The choice of whether to use the `matrix` or the
`array` structure is difficult. The former does give us
matrix arithmetic that we are used to in mathematics, but most numpy
functions prefer to work with `array` structures, and return those
when asked. Moreover, the `array` structure is very useful
when dealing with collections of values, such as points at which
to plot a function. In these pages we will use both
structures, and emphasize that it is important to be versatile.

We can change elements of matrices and arrays easily. We can
refer to a single element of an array by giving the index of the element
in brackets. In the case of a matrix, we use row and column indices
in the brackets.

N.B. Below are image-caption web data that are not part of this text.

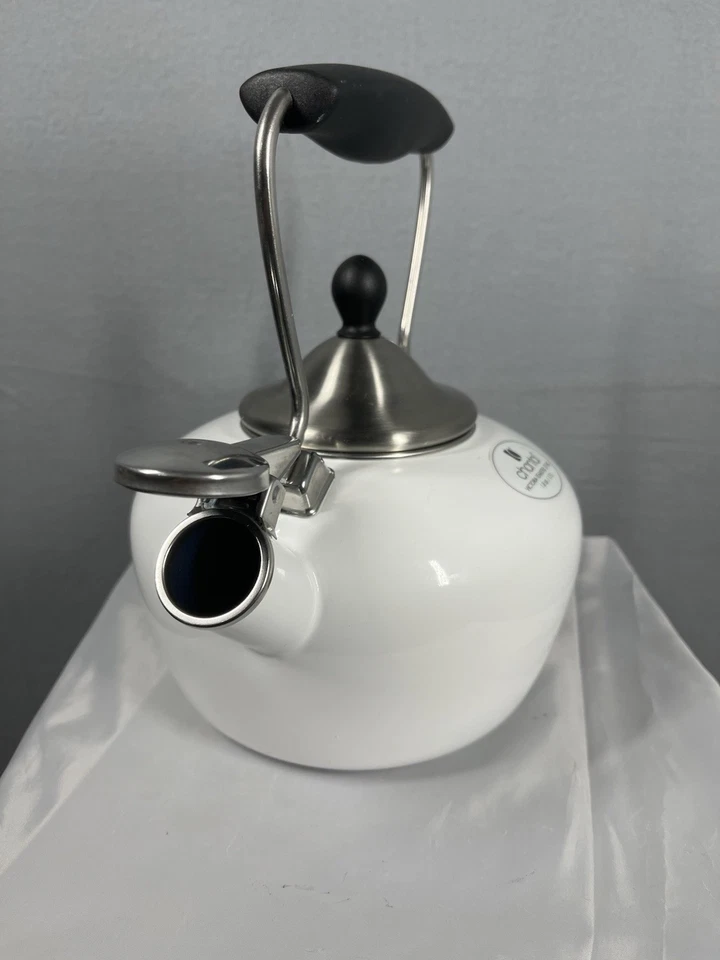 Chantal Victoria 1,8 qt Estufa Tetera Blanca Silbido Tetera Esmalte Sobre Acero Foto 2 de 4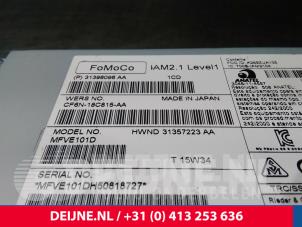 Volvo S60 CD player O12773 photo 3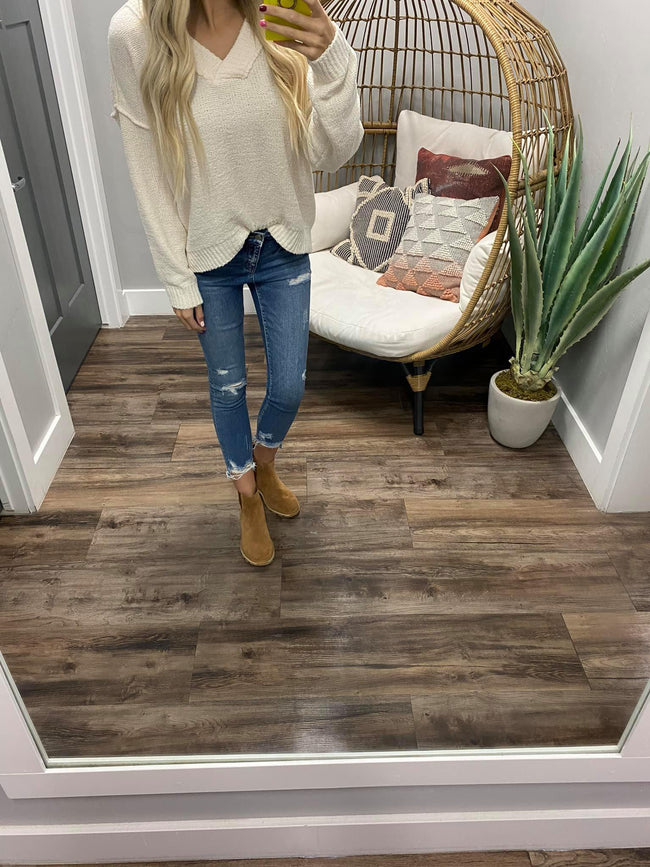 CREAM V NECK SUPER SOFT SWEATER TOP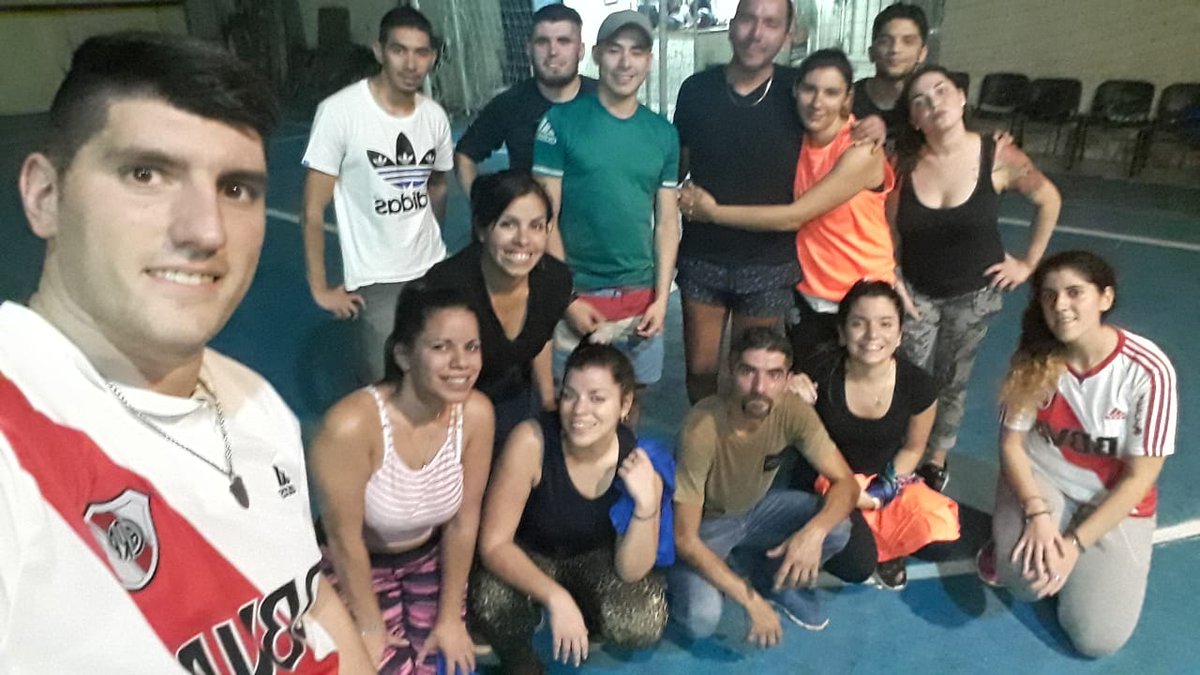 vero_brayton's tweet photo. #HandballMixto #SomosAbasto #ElEquipoDeRamonMuerza #VamosPorMas @RamonMuerzaSEC @aldecoto @patapata121 @AnastacioMatias @SebaPonce91 @juanjo1422misio https://t.co/7ww8VEpWMk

There is one important thing to note about these
indices: *they start at zero*. Thus, in a 3×3 matrix the
element in the lower right corner has indices [2,2]. Have a look.

>>> w=u.T*v >>> w[2,2] -9 >>> w[2,2]=pi >>> w matrix([[-1, -2, -3], [-2, -4, -6], [-3, -6, 3]])

In the first command, we defined a matrix $w={u}^{T}v$. Then we just asked Python to tell us the value of the entry in the lower right corner of that matrix. We then changed that value to $\pi $. Wait - since when is $\pi =3$?!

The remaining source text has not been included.